--- Data below Enclosed Below ---
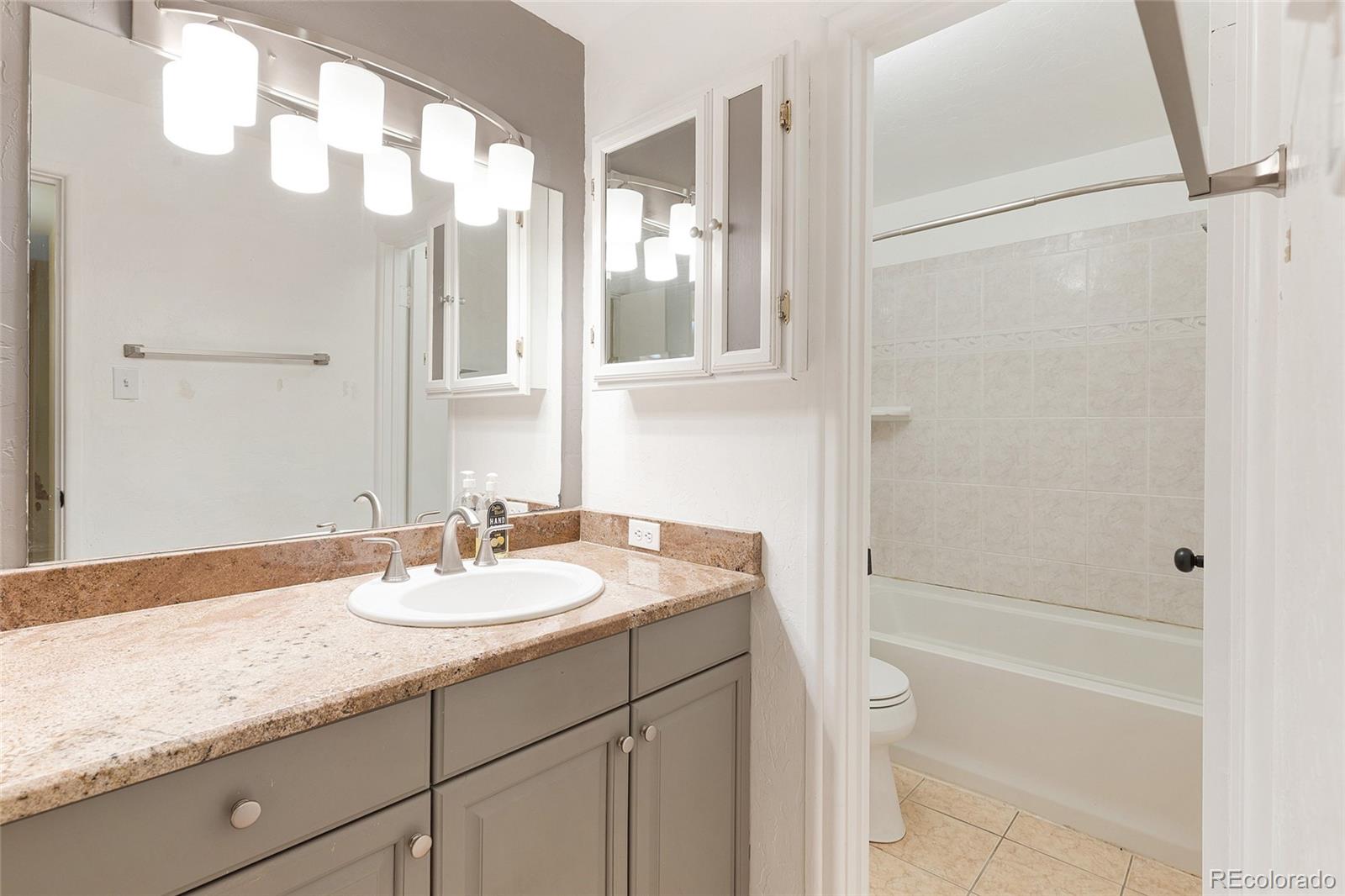 MLS Image #6 for 10165 w 25th avenue,lakewood, Colorado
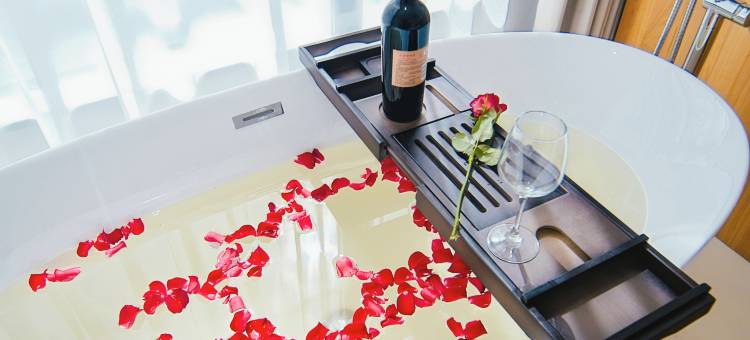 冈·雍曲精品酒店(新龙县中学店)图片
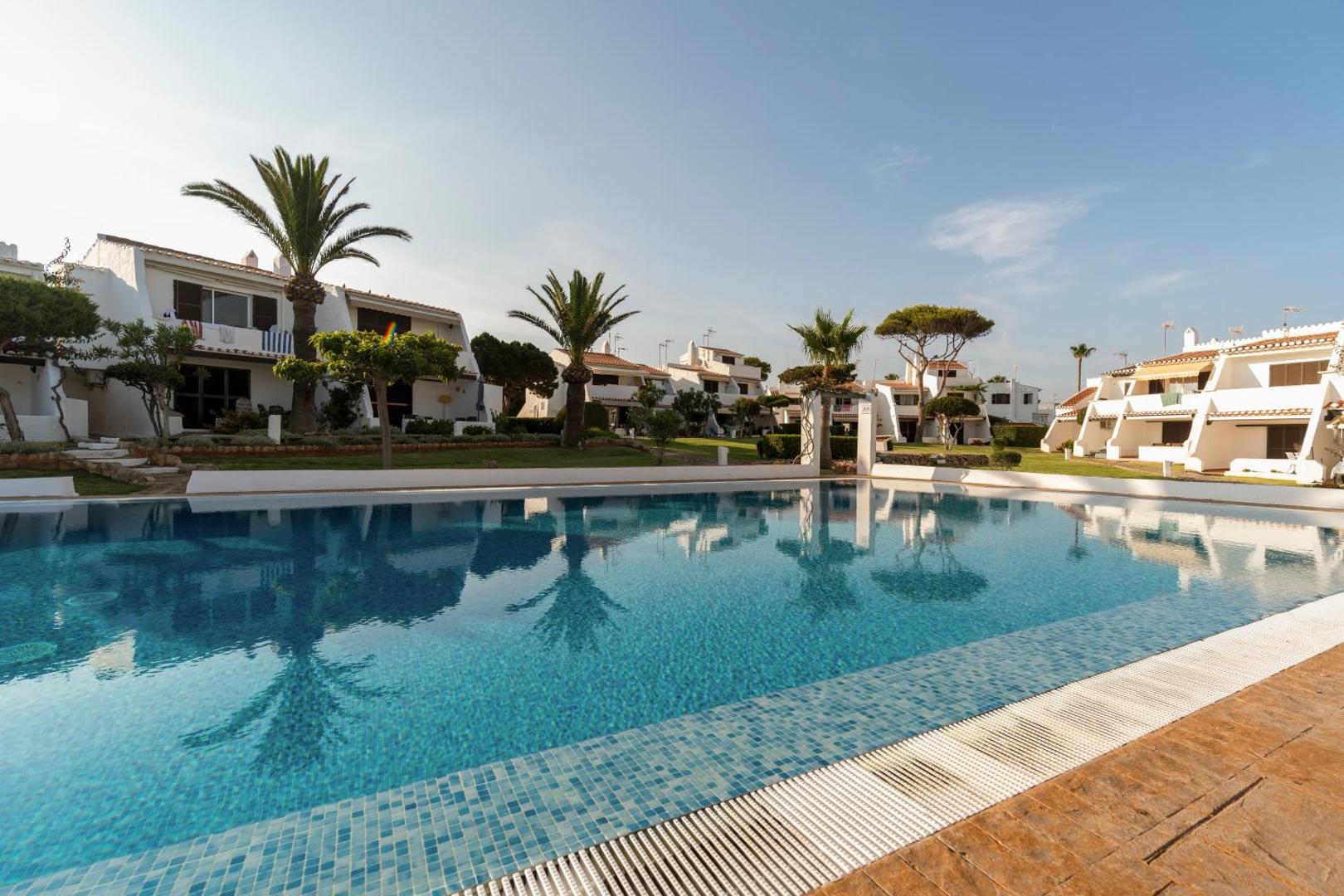 Vista Faro-Apartamento con balcón que mira al mar 4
--- End of Enclosed Data below ---
* What you are asked to do *
Could you give the material again exactly as it stands, omitting any image?

* Task solution *
 MLS Image #6 for 10165 w 25th avenue,lakewood, Colorado
 冈·雍曲精品酒店(新龙县中学店)图片
 Vista Faro-Apartamento con balcón que mira al mar 4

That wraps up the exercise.